(Crawled caption data)
----

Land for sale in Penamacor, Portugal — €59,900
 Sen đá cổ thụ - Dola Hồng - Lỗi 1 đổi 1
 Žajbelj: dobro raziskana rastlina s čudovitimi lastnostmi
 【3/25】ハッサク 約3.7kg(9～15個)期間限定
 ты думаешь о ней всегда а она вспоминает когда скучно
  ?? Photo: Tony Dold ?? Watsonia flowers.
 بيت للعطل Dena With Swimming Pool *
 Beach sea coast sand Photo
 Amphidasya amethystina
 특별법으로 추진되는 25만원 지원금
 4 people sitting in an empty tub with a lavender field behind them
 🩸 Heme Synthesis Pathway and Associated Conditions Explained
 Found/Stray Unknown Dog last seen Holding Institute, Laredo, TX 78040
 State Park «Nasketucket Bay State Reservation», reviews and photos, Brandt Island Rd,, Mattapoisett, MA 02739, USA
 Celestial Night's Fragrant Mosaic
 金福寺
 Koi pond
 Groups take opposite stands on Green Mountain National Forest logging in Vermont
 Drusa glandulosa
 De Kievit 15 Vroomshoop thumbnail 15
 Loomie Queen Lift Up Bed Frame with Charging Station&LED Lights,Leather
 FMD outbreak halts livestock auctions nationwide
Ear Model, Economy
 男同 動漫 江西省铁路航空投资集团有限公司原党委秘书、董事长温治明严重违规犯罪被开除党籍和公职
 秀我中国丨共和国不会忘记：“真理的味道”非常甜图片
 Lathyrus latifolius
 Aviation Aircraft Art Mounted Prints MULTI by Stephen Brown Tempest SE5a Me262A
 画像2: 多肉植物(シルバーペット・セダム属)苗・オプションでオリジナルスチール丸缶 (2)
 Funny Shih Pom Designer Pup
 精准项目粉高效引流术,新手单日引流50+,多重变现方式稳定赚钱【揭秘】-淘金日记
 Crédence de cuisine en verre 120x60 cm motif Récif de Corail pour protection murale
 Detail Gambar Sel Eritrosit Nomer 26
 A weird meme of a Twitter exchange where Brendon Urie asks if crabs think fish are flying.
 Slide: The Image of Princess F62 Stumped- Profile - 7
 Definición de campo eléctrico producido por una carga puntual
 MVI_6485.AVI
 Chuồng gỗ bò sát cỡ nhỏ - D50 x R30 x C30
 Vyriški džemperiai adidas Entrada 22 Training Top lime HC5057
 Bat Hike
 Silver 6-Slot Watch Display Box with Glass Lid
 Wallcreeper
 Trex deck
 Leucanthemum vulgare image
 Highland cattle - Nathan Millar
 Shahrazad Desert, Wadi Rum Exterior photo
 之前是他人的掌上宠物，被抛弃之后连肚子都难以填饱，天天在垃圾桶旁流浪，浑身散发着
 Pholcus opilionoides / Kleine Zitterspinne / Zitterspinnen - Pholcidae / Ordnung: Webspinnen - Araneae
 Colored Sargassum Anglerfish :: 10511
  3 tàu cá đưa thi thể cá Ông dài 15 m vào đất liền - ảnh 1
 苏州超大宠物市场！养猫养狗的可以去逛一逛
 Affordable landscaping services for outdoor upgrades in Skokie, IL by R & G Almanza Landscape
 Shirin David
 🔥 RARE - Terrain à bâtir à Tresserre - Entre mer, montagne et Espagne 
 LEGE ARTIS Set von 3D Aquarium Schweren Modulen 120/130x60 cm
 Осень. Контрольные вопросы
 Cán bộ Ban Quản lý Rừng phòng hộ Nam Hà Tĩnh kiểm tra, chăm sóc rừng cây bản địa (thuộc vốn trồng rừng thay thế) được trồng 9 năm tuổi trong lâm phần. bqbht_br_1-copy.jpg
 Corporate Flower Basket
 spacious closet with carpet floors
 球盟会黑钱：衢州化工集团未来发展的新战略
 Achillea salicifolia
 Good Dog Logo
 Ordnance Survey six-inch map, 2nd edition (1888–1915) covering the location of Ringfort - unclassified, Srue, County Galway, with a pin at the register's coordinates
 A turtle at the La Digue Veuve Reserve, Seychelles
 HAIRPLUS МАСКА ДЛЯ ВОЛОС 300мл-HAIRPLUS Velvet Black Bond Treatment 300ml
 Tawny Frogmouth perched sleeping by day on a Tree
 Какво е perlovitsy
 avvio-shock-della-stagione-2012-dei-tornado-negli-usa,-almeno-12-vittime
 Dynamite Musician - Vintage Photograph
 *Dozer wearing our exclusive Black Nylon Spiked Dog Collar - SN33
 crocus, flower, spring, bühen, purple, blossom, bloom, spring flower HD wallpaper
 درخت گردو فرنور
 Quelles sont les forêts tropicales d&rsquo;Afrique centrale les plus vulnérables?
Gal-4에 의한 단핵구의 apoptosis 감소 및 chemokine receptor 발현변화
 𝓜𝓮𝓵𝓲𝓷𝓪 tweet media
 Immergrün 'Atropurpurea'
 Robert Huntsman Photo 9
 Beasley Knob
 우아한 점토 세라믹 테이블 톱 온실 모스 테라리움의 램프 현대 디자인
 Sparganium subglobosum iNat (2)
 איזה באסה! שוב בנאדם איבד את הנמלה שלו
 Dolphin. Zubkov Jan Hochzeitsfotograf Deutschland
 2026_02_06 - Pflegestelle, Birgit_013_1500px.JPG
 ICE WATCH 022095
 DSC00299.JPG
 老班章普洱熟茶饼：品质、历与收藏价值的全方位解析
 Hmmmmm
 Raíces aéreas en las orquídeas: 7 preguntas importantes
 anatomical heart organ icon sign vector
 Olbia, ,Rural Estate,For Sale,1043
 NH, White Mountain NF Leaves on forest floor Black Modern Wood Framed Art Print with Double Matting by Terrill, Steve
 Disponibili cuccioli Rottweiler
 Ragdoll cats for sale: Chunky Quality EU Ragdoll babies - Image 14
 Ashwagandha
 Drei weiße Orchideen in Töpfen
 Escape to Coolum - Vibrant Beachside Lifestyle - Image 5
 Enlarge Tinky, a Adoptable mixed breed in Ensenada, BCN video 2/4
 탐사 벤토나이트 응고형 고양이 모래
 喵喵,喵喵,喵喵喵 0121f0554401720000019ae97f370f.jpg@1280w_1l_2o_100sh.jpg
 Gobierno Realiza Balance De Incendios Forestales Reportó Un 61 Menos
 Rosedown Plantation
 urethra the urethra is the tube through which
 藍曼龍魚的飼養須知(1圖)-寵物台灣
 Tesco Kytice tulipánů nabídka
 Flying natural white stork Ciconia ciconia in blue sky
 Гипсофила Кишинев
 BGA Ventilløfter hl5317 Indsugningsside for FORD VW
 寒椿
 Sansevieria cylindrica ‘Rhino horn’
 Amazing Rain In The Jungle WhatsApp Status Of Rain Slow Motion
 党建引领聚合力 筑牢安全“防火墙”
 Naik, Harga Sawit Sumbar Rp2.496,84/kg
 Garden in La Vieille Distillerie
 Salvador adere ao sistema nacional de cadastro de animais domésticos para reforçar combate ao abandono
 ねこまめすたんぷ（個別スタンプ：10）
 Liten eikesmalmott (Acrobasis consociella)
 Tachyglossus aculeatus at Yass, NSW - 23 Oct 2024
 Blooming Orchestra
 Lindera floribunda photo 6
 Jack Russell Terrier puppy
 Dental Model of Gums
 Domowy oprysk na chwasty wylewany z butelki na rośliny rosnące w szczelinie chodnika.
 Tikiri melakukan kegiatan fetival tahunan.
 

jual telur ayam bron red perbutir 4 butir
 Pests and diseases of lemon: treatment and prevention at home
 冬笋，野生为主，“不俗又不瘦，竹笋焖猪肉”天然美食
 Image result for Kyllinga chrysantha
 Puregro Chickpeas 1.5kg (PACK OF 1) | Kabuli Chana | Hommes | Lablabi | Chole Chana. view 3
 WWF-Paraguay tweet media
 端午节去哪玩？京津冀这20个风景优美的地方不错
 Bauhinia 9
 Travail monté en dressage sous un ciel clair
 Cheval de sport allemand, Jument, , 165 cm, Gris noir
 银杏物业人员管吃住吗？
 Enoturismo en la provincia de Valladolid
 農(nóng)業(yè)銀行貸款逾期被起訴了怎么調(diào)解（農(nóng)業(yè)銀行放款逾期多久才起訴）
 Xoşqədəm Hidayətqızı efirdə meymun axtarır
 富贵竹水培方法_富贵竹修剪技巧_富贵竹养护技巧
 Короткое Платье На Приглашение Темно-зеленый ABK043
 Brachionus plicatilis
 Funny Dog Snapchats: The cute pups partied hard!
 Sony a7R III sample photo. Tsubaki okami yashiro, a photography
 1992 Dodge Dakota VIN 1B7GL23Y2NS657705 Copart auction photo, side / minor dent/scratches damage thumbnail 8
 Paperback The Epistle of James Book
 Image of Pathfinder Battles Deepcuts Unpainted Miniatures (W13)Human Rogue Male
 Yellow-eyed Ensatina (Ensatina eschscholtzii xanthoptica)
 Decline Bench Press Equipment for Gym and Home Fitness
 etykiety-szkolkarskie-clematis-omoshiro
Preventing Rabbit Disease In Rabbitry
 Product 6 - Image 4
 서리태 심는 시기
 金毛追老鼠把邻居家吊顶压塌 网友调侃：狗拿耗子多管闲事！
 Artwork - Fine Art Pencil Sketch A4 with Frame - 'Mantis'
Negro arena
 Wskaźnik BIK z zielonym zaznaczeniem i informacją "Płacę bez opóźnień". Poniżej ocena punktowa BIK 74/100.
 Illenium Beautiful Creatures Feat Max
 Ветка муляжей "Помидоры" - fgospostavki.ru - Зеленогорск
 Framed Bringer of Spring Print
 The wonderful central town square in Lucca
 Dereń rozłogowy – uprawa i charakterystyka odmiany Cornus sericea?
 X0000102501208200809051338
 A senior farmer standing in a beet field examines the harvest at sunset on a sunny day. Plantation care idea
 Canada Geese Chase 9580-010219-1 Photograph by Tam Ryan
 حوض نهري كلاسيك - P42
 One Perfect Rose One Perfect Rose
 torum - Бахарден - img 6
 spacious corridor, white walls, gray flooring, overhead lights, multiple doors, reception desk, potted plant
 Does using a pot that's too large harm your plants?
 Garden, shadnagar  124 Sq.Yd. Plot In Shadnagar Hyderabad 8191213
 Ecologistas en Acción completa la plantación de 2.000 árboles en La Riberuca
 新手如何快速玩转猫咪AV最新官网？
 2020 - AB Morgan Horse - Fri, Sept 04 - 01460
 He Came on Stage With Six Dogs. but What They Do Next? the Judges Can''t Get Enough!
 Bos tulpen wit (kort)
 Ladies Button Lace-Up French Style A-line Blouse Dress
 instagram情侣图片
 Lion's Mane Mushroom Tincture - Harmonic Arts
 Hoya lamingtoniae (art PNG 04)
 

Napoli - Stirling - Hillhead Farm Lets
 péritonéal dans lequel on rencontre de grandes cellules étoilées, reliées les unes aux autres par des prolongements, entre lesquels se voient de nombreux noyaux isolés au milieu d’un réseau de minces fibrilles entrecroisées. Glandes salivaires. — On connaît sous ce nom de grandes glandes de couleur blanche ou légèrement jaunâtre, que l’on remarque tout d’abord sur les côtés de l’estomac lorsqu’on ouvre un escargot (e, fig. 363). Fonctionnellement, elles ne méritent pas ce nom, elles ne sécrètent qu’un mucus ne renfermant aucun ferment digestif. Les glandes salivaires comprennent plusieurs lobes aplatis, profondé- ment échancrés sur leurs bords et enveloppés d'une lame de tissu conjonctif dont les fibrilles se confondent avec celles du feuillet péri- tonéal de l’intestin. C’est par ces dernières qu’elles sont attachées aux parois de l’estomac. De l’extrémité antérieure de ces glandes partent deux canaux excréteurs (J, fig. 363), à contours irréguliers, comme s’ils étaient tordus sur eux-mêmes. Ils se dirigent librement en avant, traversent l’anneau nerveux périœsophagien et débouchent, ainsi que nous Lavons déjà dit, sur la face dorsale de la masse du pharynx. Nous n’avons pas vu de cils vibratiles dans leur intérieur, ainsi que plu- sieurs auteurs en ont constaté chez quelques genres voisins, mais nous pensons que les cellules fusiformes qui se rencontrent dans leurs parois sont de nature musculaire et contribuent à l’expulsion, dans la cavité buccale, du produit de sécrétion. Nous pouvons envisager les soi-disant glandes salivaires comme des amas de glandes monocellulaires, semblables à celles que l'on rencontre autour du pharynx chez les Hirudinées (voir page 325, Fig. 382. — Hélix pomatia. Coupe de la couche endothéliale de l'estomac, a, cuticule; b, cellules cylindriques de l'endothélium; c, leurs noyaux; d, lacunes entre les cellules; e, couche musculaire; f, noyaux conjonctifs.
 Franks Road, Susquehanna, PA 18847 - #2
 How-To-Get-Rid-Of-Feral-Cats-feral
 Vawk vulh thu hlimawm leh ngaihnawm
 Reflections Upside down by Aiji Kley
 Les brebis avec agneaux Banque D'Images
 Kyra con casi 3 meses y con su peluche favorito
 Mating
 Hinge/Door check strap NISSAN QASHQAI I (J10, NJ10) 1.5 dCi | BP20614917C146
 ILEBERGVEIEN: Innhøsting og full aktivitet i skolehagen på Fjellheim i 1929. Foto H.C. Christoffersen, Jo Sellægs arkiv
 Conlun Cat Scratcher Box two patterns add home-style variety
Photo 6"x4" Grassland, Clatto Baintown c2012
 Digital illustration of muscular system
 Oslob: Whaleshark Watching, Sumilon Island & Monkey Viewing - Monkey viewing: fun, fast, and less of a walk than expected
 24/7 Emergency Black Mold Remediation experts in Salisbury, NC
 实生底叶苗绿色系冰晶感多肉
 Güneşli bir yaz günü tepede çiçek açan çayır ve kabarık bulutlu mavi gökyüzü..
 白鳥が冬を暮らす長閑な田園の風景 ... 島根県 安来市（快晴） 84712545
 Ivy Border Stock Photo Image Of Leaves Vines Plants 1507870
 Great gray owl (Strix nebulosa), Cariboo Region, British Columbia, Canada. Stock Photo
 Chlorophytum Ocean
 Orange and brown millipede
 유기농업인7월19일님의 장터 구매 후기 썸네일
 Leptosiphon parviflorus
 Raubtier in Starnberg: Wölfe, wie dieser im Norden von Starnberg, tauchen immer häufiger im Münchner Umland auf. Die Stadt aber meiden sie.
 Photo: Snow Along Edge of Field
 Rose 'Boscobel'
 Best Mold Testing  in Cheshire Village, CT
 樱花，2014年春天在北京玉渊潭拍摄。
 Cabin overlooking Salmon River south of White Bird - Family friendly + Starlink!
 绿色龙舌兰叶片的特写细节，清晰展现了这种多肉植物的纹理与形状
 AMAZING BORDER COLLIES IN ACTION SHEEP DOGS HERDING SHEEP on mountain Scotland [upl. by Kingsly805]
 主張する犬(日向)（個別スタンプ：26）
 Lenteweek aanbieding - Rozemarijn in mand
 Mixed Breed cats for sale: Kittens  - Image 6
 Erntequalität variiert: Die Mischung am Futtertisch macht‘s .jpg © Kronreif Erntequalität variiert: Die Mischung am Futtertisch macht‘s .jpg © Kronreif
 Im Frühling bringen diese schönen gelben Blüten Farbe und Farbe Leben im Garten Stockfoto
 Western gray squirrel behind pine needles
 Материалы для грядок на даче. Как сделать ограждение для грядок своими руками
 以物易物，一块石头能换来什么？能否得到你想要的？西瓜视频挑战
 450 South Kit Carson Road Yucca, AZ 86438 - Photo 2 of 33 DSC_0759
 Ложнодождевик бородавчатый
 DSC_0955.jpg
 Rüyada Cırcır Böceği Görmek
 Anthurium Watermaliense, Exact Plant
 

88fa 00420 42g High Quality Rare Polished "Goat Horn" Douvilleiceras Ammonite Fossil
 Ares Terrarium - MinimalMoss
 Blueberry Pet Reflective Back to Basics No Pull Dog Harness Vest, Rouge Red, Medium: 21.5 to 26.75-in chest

----

**WHAT IS EXPECTED:**
Beginning at the top of the records above, transcribe each line exactly up to and including the line that holds "Lathyrus latifolius".

**TASK SOLUTION:**
Land for sale in Penamacor, Portugal — €59,900
 Sen đá cổ thụ - Dola Hồng - Lỗi 1 đổi 1
 Žajbelj: dobro raziskana rastlina s čudovitimi lastnostmi
 【3/25】ハッサク 約3.7kg(9～15個)期間限定
 ты думаешь о ней всегда а она вспоминает когда скучно
  ?? Photo: Tony Dold ?? Watsonia flowers.
 بيت للعطل Dena With Swimming Pool *
 Beach sea coast sand Photo
 Amphidasya amethystina
 특별법으로 추진되는 25만원 지원금
 4 people sitting in an empty tub with a lavender field behind them
 🩸 Heme Synthesis Pathway and Associated Conditions Explained
 Found/Stray Unknown Dog last seen Holding Institute, Laredo, TX 78040
 State Park «Nasketucket Bay State Reservation», reviews and photos, Brandt Island Rd,, Mattapoisett, MA 02739, USA
 Celestial Night's Fragrant Mosaic
 金福寺
 Koi pond
 Groups take opposite stands on Green Mountain National Forest logging in Vermont
 Drusa glandulosa
 De Kievit 15 Vroomshoop thumbnail 15
 Loomie Queen Lift Up Bed Frame with Charging Station&LED Lights,Leather
 FMD outbreak halts livestock auctions nationwide
Ear Model, Economy
 男同 動漫 江西省铁路航空投资集团有限公司原党委秘书、董事长温治明严重违规犯罪被开除党籍和公职
 秀我中国丨共和国不会忘记：“真理的味道”非常甜图片
 Lathyrus latifolius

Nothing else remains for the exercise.